[Supplied material]

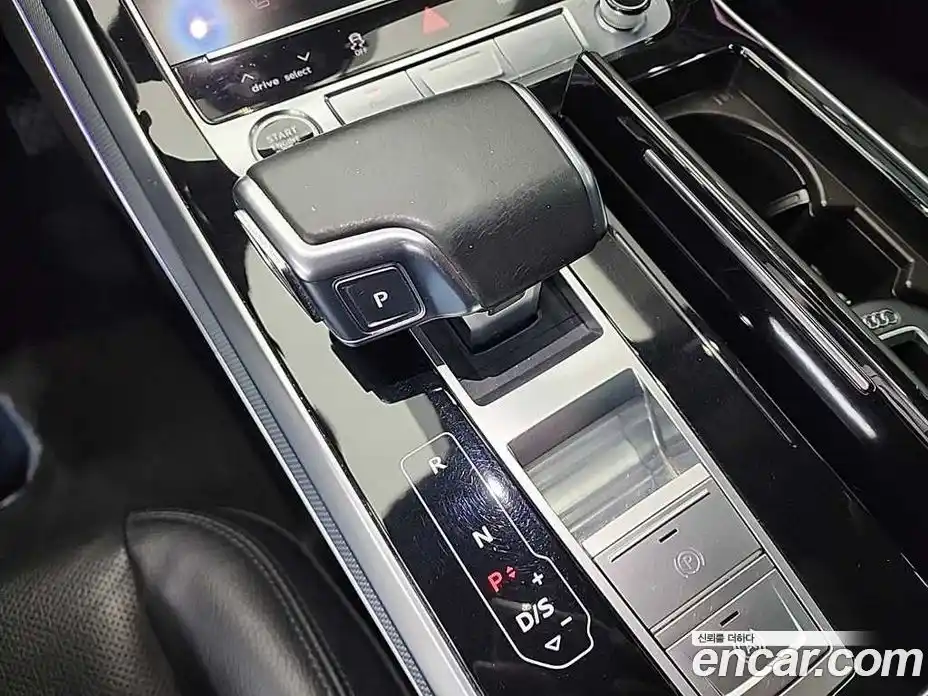 Audi Q8 2021 3.0 Автомат в Москве № 860192, фото 8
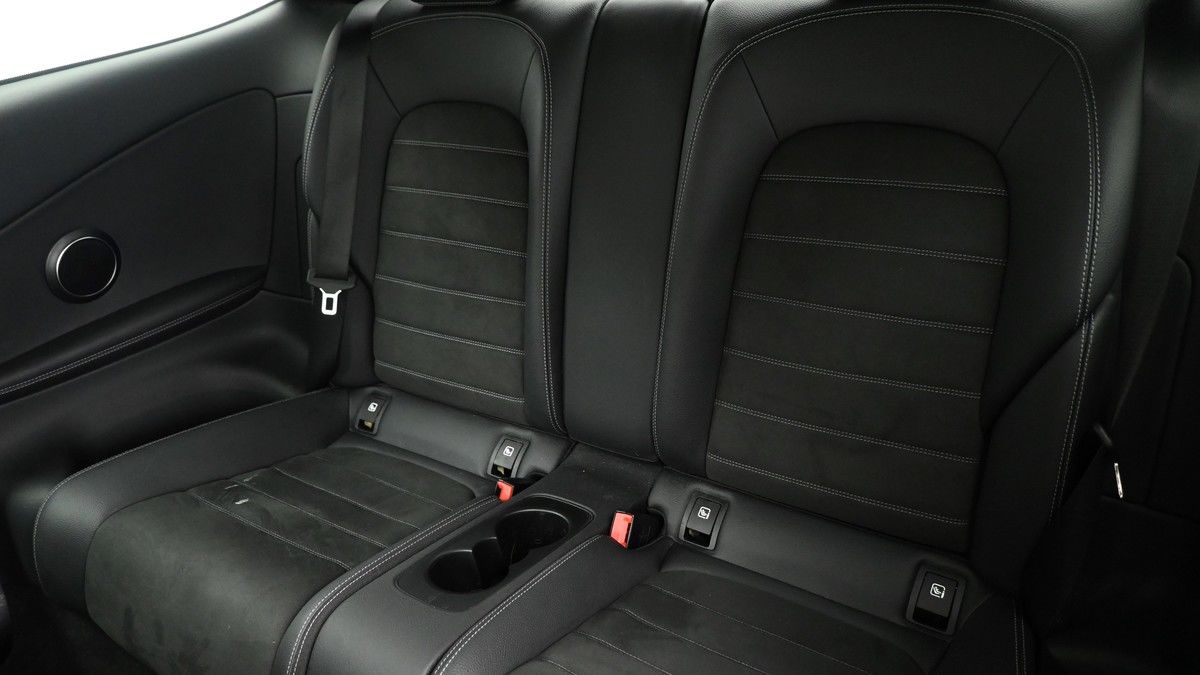 Mercedes-Benz C Class Image 4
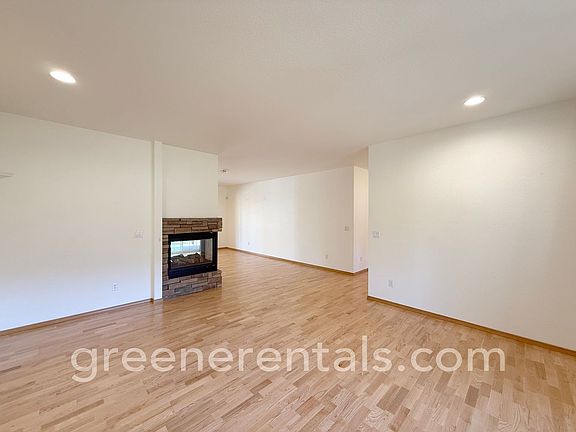 5th image of 1288 Park Ave E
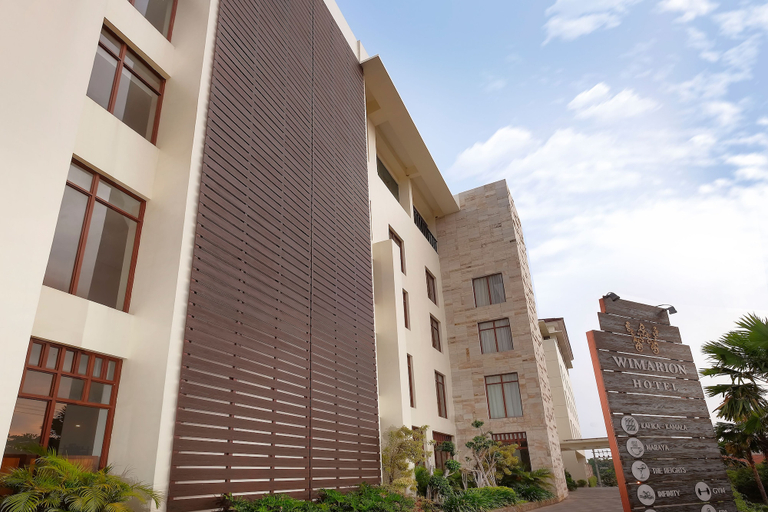 Exterior & Views 2, Wimarion Hotel Semarang, Semarang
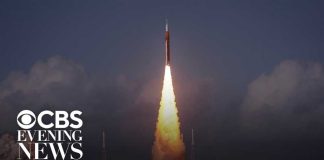 Astronauts Moon-Bound After 50 Years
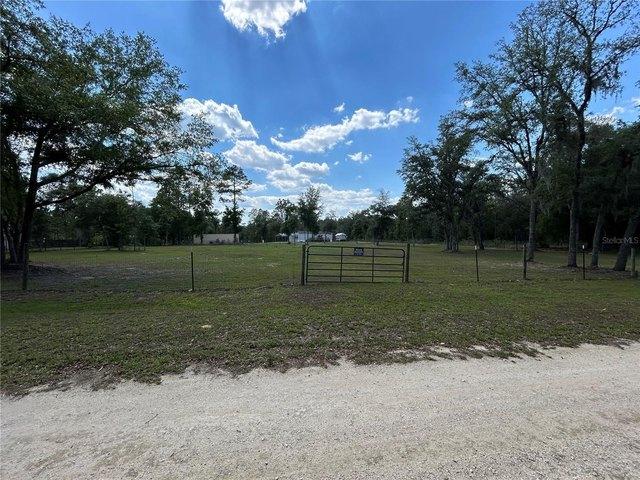 Land for sale in Morriston, Florida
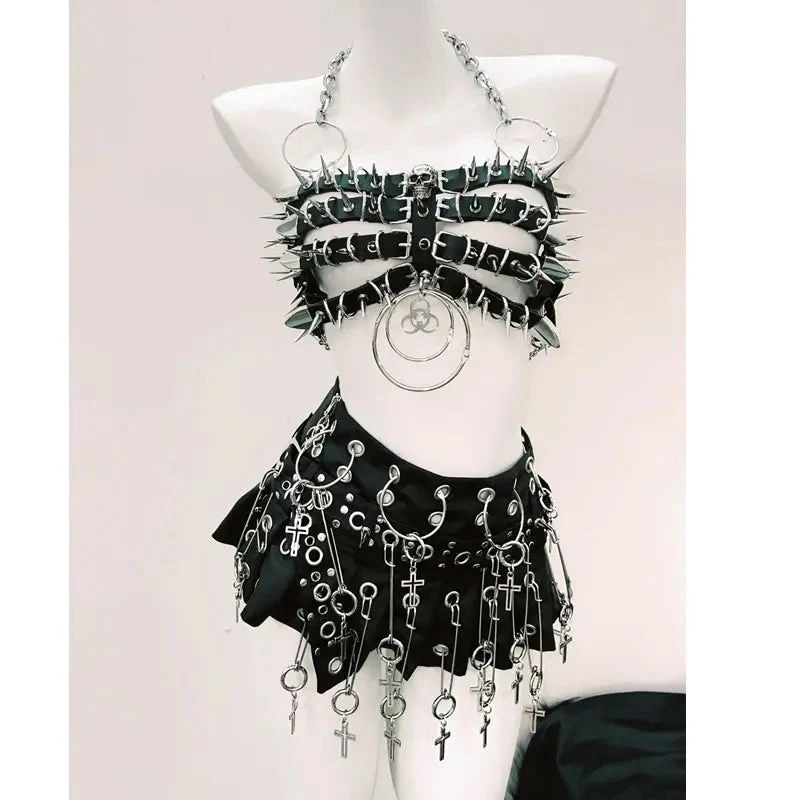 Halter hollow out o ring rivet applique mini top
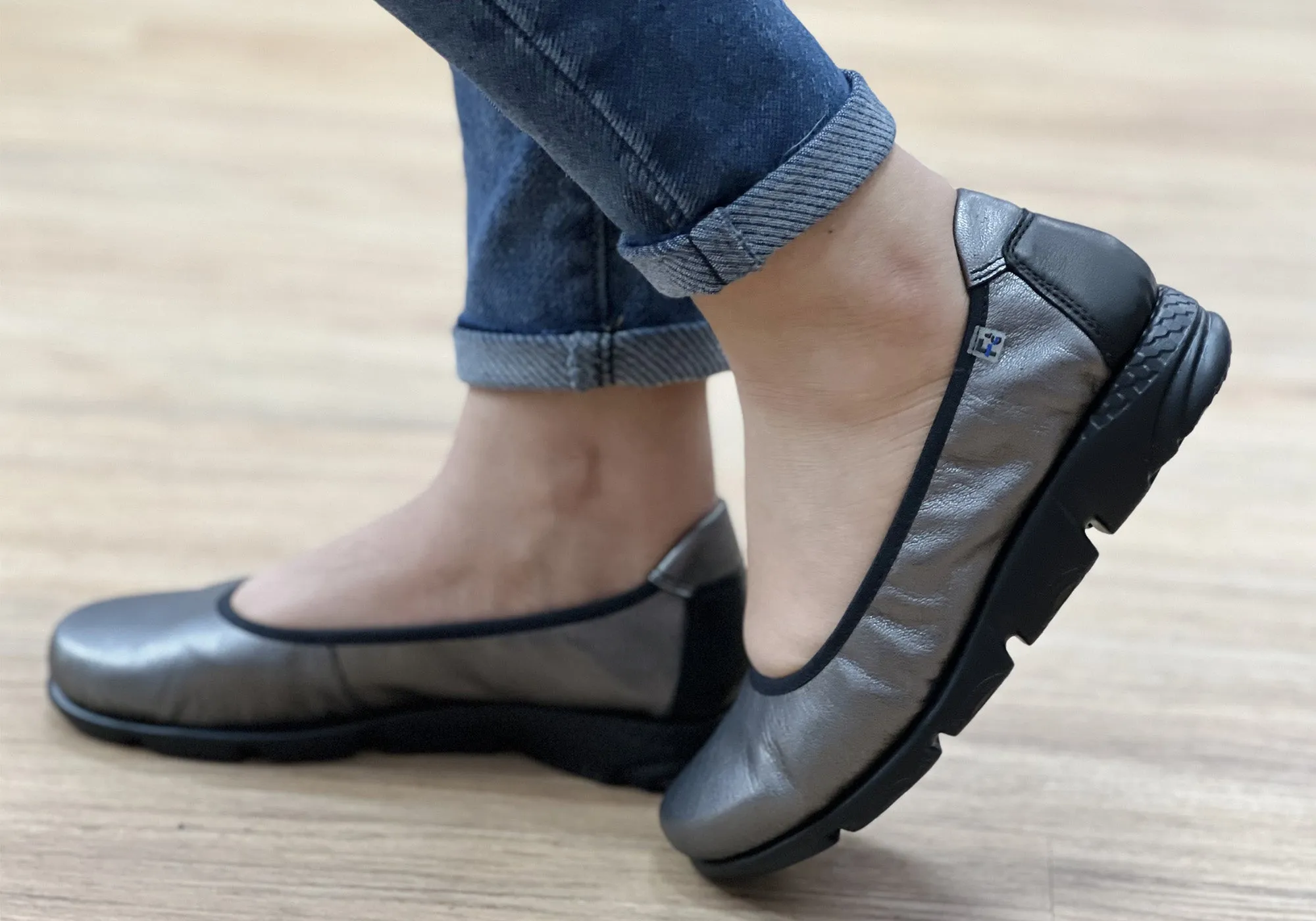 Flex & Go Akiko Womens Leather Ballet Flats Shoes Made In Portugal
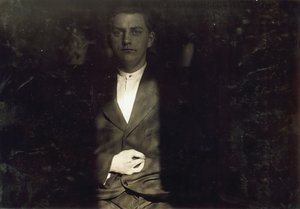 Frank Wiegel, de Brooklyn, ferido depois de ter trabalhado 18 horas por dia aos 15 anos de idade, tendo-lhe sido amputados dois dedos da mão direita, na cidade de Nova Iorque de Lewis Wickes Hine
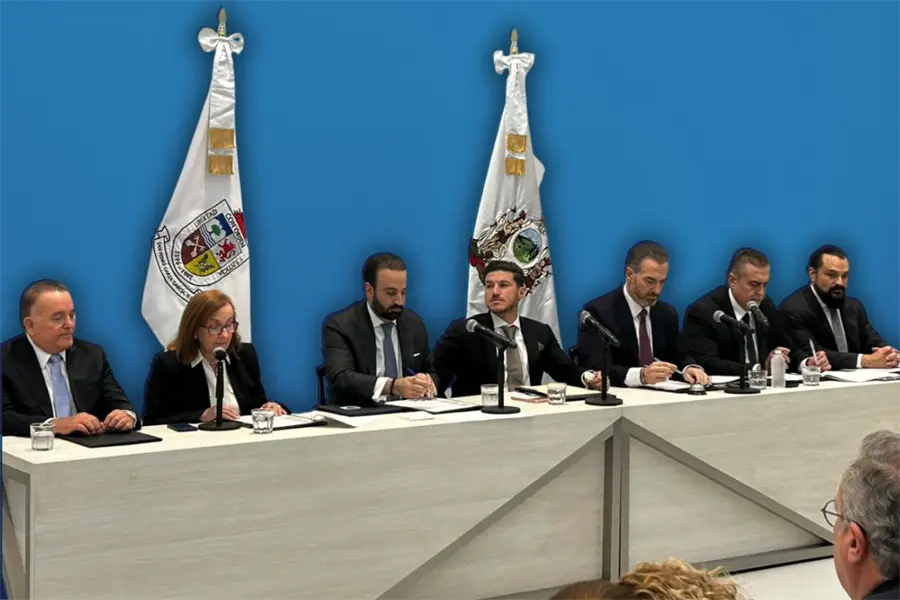San Pedro y Monterrey avalan renombrar Calzada en honor a Mauricio Fernández 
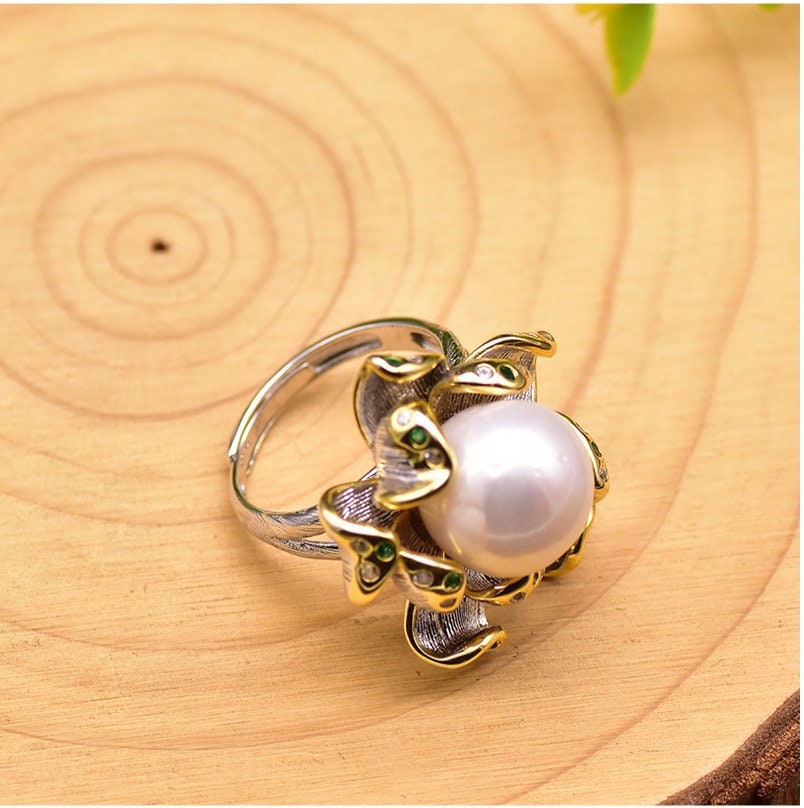 925 Sterling Silver Flower Ring with large Natural Fresh Water Pearl - DMC Collection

[/Supplied material]

Directions for this task: Pictures aside, reproduce exactly the lines from the one containing "Mercedes-Benz C Class Image 4" to the end of the listing above, both ends included.

Task answer:
 Mercedes-Benz C Class Image 4
 5th image of 1288 Park Ave E
 Exterior & Views 2, Wimarion Hotel Semarang, Semarang
 Astronauts Moon-Bound After 50 Years
 Land for sale in Morriston, Florida
 Halter hollow out o ring rivet applique mini top
 Flex & Go Akiko Womens Leather Ballet Flats Shoes Made In Portugal
 Frank Wiegel, de Brooklyn, ferido depois de ter trabalhado 18 horas por dia aos 15 anos de idade, tendo-lhe sido amputados dois dedos da mão direita, na cidade de Nova Iorque de Lewis Wickes Hine
San Pedro y Monterrey avalan renombrar Calzada en honor a Mauricio Fernández 
 925 Sterling Silver Flower Ring with large Natural Fresh Water Pearl - DMC Collection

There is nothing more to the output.